──────── INFORMATION PROVIDED ────────
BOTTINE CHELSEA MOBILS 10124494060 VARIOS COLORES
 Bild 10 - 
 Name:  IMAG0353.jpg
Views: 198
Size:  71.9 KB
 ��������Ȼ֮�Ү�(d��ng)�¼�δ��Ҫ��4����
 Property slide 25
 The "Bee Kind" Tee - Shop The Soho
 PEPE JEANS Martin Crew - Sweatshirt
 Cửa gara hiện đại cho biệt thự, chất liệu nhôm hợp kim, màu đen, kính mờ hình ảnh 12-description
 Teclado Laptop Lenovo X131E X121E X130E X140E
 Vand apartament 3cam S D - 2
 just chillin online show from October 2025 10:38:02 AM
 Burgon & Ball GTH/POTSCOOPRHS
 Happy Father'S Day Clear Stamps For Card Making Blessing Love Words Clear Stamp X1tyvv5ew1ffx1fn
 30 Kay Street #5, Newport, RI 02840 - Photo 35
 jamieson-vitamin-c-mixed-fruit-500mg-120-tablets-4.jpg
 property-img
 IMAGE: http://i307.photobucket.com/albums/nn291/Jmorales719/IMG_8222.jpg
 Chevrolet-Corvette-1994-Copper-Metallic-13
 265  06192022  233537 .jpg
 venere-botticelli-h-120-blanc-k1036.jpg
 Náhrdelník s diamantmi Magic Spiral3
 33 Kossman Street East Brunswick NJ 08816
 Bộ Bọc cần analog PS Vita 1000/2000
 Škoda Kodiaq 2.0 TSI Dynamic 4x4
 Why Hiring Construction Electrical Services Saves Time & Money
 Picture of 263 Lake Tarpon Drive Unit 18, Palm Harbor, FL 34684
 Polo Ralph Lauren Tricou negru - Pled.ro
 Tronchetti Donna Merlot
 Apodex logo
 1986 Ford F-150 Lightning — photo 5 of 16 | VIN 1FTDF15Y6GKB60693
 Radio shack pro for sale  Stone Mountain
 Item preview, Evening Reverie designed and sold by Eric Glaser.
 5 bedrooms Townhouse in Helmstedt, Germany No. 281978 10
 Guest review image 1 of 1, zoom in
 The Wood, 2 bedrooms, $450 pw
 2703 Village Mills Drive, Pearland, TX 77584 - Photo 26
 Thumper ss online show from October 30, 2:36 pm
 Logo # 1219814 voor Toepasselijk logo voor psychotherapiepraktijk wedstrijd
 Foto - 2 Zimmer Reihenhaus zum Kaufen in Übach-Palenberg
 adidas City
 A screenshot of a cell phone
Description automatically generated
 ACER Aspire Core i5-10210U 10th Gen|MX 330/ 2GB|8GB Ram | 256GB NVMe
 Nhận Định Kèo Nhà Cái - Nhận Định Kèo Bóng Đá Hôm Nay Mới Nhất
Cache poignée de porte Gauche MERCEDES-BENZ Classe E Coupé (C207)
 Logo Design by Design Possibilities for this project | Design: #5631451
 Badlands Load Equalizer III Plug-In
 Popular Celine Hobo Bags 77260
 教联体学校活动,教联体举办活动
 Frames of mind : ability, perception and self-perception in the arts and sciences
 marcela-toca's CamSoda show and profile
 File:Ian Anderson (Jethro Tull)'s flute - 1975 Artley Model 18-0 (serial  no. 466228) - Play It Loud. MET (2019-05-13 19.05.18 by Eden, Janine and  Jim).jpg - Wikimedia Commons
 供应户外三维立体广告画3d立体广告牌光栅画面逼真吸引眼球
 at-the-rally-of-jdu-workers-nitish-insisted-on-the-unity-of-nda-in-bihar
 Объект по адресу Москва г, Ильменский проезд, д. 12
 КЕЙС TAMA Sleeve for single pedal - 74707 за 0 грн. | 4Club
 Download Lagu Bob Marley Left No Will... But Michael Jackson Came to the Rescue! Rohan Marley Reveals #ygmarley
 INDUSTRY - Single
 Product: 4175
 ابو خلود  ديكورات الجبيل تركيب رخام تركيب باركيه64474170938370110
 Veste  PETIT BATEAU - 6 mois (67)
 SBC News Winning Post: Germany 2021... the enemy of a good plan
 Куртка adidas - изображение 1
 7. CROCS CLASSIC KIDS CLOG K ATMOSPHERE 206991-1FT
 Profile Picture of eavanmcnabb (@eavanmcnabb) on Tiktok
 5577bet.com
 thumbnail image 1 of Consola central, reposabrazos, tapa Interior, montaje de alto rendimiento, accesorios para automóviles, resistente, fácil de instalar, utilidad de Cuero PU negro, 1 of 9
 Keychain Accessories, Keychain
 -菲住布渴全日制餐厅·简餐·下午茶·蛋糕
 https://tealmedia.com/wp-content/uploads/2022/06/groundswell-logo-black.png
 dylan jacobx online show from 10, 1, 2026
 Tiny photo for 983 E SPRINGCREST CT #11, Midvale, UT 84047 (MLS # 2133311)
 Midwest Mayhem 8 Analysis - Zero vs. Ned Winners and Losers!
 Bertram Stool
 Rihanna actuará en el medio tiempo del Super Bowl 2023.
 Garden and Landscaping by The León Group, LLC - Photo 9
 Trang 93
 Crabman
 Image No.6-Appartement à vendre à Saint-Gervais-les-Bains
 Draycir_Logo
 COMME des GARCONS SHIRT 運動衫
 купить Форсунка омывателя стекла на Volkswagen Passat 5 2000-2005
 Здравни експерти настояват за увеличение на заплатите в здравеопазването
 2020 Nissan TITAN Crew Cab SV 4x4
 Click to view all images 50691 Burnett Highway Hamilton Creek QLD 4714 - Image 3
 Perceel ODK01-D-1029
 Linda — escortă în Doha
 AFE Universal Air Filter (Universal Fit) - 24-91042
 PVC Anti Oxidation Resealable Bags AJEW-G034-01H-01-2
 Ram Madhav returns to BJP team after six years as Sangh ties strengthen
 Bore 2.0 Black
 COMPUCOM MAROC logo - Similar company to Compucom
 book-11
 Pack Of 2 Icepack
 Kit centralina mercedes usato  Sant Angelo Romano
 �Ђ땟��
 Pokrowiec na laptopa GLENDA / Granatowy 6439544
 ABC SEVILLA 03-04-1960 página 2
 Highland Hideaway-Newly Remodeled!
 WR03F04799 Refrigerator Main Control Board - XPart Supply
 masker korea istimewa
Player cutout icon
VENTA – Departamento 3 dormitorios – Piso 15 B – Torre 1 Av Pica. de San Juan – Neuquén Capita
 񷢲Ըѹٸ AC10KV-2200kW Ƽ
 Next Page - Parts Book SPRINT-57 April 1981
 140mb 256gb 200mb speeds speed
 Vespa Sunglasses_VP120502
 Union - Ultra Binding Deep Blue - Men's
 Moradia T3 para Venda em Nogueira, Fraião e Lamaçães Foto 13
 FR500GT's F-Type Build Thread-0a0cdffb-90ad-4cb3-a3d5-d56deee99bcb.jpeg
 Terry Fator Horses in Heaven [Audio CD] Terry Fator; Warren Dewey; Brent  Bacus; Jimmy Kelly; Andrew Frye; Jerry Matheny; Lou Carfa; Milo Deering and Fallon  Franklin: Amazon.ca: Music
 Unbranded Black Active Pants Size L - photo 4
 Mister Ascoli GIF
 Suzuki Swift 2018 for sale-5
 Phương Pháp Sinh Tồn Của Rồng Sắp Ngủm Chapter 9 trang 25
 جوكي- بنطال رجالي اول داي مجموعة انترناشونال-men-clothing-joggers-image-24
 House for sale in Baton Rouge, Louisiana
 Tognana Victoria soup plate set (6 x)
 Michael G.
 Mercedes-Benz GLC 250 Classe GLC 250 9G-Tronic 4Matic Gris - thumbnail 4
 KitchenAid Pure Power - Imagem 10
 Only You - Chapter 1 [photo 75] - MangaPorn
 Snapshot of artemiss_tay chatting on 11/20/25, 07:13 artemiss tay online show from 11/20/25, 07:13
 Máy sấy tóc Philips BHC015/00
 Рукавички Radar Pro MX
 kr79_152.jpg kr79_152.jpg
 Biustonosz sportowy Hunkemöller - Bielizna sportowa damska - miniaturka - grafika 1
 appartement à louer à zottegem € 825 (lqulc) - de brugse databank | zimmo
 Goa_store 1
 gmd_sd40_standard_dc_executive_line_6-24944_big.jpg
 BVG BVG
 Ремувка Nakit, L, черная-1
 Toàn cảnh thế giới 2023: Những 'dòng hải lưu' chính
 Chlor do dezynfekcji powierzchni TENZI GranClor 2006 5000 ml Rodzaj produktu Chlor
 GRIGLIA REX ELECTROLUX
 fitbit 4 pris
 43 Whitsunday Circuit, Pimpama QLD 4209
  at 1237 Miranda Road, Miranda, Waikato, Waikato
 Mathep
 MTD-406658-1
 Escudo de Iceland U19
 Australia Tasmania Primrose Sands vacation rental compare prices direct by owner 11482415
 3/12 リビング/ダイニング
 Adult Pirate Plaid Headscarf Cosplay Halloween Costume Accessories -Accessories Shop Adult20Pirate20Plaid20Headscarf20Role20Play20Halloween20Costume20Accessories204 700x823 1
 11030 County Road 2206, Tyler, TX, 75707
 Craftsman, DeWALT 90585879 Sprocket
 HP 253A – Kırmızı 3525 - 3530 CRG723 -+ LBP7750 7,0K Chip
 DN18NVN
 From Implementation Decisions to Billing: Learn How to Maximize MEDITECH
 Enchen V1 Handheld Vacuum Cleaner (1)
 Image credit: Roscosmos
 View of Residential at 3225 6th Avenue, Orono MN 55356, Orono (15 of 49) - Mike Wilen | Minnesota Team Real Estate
────────
# PROBLEM TO WORK ON:
Pull every line with the string "Street" out of the material.

# WORKED SOLUTION:
 30 Kay Street #5, Newport, RI 02840 - Photo 35
 33 Kossman Street East Brunswick NJ 08816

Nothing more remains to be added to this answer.